The Telegraph
Saturday , March 8 , 2014
CIMA Gallary



Rhythmosaic-Sengupta Dance Company, India, and Offjazz Dance Company, France, presented Buddha: the ‘why’ within at the G.D. Birla Sabhagar on March 2. No, this wasn’t a story about the Buddha or his eight-fold path. It was an exploration of the essence of the Buddha’s guideline towards sublimation. It was a transcendental journey of love, hate, deception, aspiration and desolation. The presentation was an enquiry into one’s search for liberation.

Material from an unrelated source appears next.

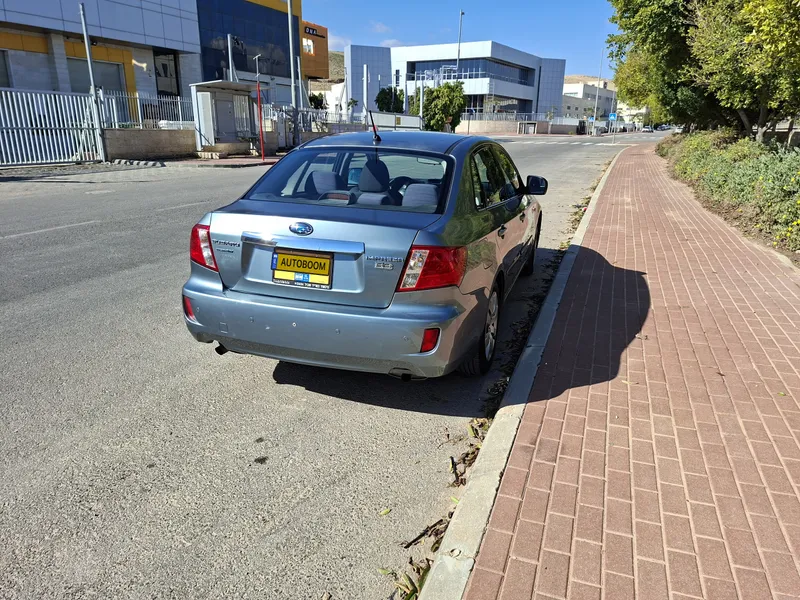 Subaru Impreza 2nd hand, 2011, private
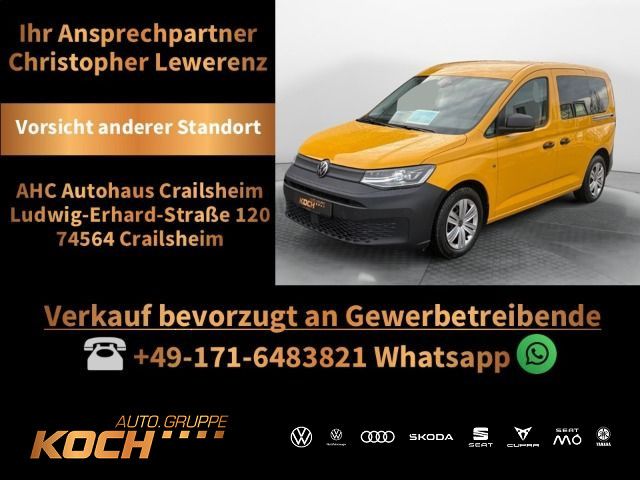 VW Caddy 114.641 km 24.500 &euro; Schwäbisch Hall 74523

However, the soul’s liberation is the aim of most Indian philosophical traditions, not just the Buddhist school of thought. To depict this form of abstract realization, the narrative dealt with Arjuna and three other characters from the Mahabharat — Ulupi, Aravan, Arjuna’s illegitimate son with Ulupi, and Barbareek, son of Ghatotkacha, whose karma is echoed through time. The production was a cross-over embrace of Indian and European Movement Art. The entire presentation was crisp and the music added to the allure of the performance.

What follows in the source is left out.